ACTIVITY: Pictures must not appear in the copy. Restate exactly the lines below from the one with "Audi A6 Allroad" through the one with "Martha Stewart Down", inclusive.

RECORDS PROVIDED:
|---|

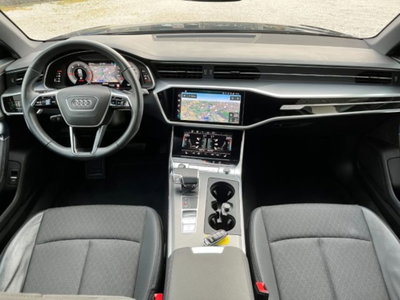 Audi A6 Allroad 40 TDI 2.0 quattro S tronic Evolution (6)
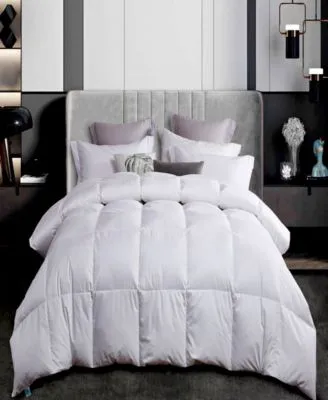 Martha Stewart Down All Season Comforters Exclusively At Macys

|---|

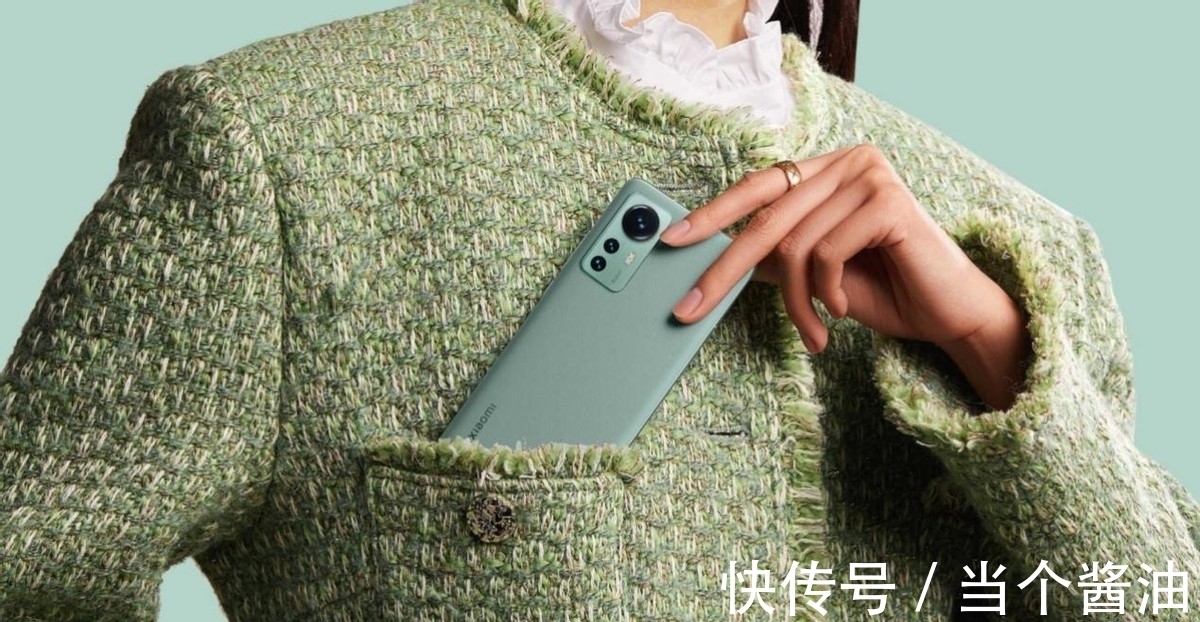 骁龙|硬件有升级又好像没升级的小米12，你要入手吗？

|---|

RESULT:
 Audi A6 Allroad 40 TDI 2.0 quattro S tronic Evolution (6)
 Martha Stewart Down All Season Comforters Exclusively At Macys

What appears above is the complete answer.